From the data underneath, reproduce exactly the stretch that begins at the line with "[BUNJANG] Madame Alexander" and ends after the line with "Botines blancos con cordones".

MATERIAL SHOWN:
☆ ☆ ☆ ☆ ☆ ☆ ☆

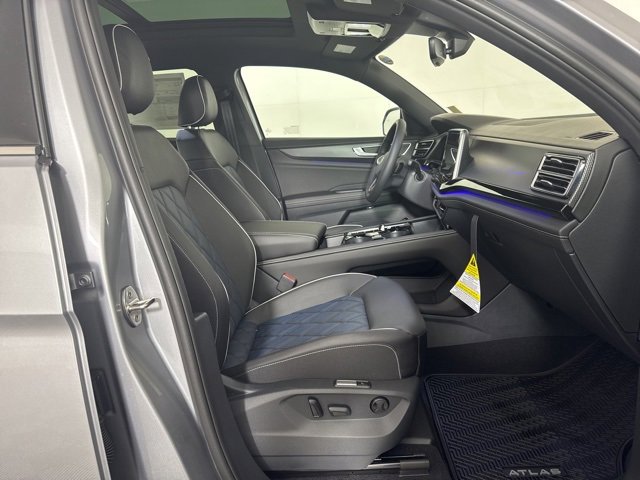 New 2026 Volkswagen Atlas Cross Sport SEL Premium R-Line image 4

☆ ☆ ☆ ☆ ☆ ☆ ☆

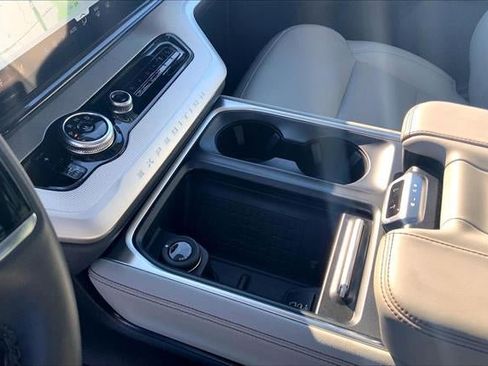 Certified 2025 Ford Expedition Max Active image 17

☆ ☆ ☆ ☆ ☆ ☆ ☆

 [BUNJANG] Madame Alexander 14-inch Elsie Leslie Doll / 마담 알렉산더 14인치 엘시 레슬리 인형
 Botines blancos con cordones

☆ ☆ ☆ ☆ ☆ ☆ ☆

WRITTEN SOLUTION:
 [BUNJANG] Madame Alexander 14-inch Elsie Leslie Doll / 마담 알렉산더 14인치 엘시 레슬리 인형
 Botines blancos con cordones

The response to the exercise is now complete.